É preciso, portanto, identificar uma mudança na conjuntura. Ao passo que, durante as manifestações, as massas pró-impeachment não aderissem ao programa da direita e da ultra-direita, agora setores cada vez maiores estão reproduzindo os argumentos (toscos) dos liberais de direita e os argumentos (imbecis) da ultra-direita e criando uma nova mitologia sobre o que é a esquerda: baseada em estereótipos simplistas, misturas de características de diversas correntes diferentes, vendo incoerências que não existem e, mais evidentemente, rejeitando a luta contra as opressões e resistindo às suas posturas (que, admitamos, foram e são, em muitos casos, muito sectárias e, em outros, vanguardistas).

Dada essa realidade, é preciso fazer um ajuste de política. Não creio que a política de “Fora Todos Eles” do PSTU e da CST (corrente do PSOL) seja a mais apropriada para o momento – fazer essa demanda irá levar o movimento social a uma derrota certa, pois ele não consiguirá, de forma alguma, derrubar todos (lição que deveria ter sido aprendida com o primeiro “Fora Todos”, em 2005). Além disso, essa política não dialoga com a consciência dos setores anti-impeachment que aderiram ao governismo e nem com os setores pró-impeachment, que esperam para ver no que vai dar o governo Temer. Uma coisa é correta: a denúncia incondicional ao governo – mas é prioridade impedir o avanço da direita.

Felizmente, o PT-PCdoB estão sem pai nem mãe: sem governo, sem apoio e sem política. Esse é o momento ideal para construir uma verdadeira oposição de esquerda, sem capitular à direita que se finge de esquerda. A prioridade nesse momento deve ser a união entre os partidos de esquerda (PSOL, PSTU e PCB, em especial) e os outros grupos da grande esquerda (principalmente os grupos de luta contra as opressões) na construção de um grande bloco, que deve se identificar como “a verdadeira esquerda” e que traga um programa unitário que combata os ataque planejados por PMDB-PSDB. O vácuo deixado pela derrota do PT-PCdoB permite que uma nova força cresça muito nesse atual momento, apesar da apatia geral.

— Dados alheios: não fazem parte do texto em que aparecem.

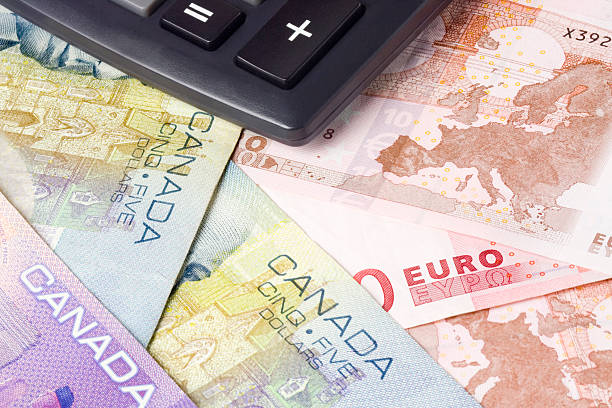 istock Forex - Canadian and Euro currency pair with calculator 94474836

Ao mesmo tempo, até o final do ano, a luta por novas eleições deve ser um objetivo real. Até o final do ano é legalmente possível derrubar Temer e fazer novas eleições para presidente. Se isso acontecer por uma movimentação da esquerda, ainda que apoiada por uma massa perdida, as possibilidades de influência no programa apoiado pelas massas e, ao mesmo tempo, de trazer até uma eleição geral, ou uma nova constituinte, aparecem no horizonte. Mas o primeiro passo é derrubar Temer e isso só pode ser feito com a denúncia implacável do governo e a unidade da esquerda em torno a um programa unitário e a proposta de novas eleições.


Não será uma tarefa fácil, no entanto. Os inimigos estão fortes, bem mais fortes que antes. Mas a ordem atual das coisas está, ao mesmo tempo, mais frágil do que então: o governo federal não tem apoio e a “nova direita” não tem um programa que possa de fato mudar a realidade do Brasil. Será necessário pôr em pauta  a questão de qual o programa que o povo brasileiro quer para o país (nada melhor que uma eleição presidencial para isso) e, principalmente, enfrentar (em todas as frentes) essa nova direita, desmascará-la. E essa última tarefa será a mais difícil – pois eles estavam ao lado destas pessoas nas manifestações, não a esquerda; por que eles os abraçaram, não a esquerda; por que eles os disputaram, não a esquerda.